Data:

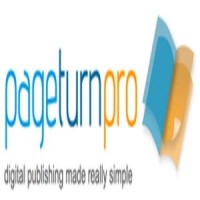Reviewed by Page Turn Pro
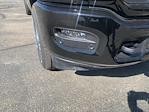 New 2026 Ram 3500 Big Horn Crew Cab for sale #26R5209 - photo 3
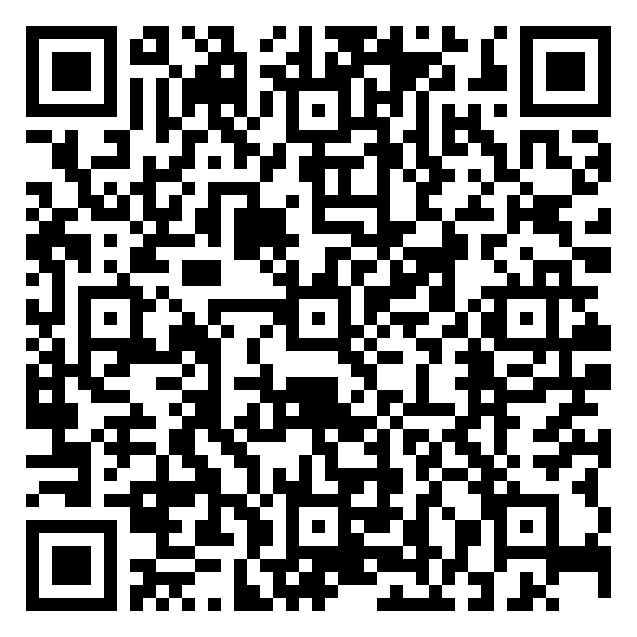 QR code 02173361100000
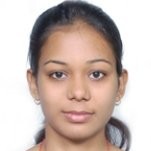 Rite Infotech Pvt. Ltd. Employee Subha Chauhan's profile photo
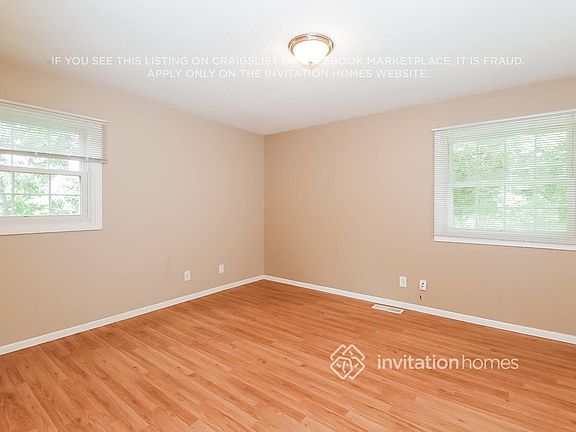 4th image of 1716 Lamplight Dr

==

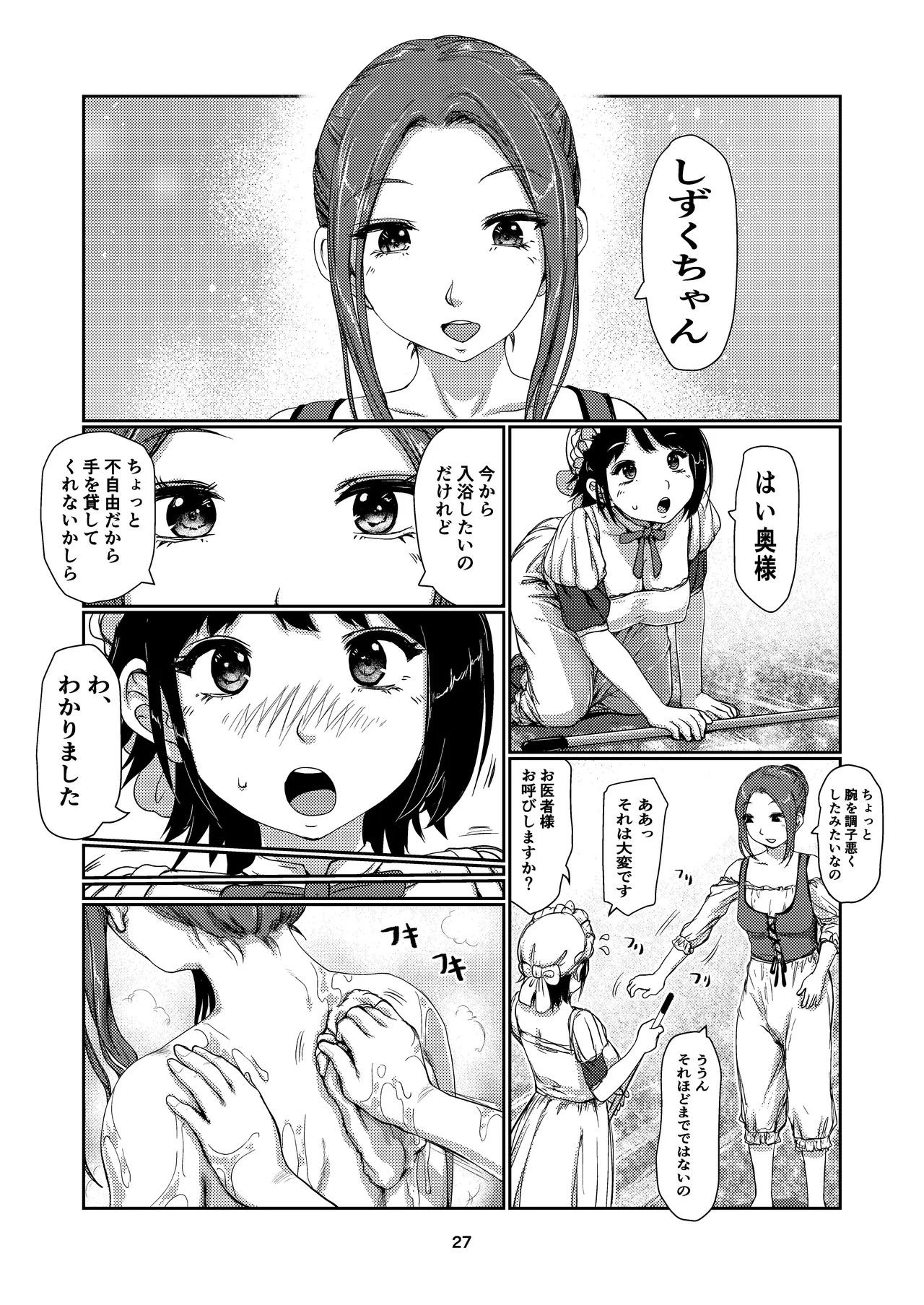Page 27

Activity:
The result should be an exact copy of only the lines above from the one that holds "Rite Infotech Pvt." through the one that holds "4th image of 1716 Lamplight Dr", both ends included, without pictures.

Final answer:
 Rite Infotech Pvt. Ltd. Employee Subha Chauhan's profile photo
 4th image of 1716 Lamplight Dr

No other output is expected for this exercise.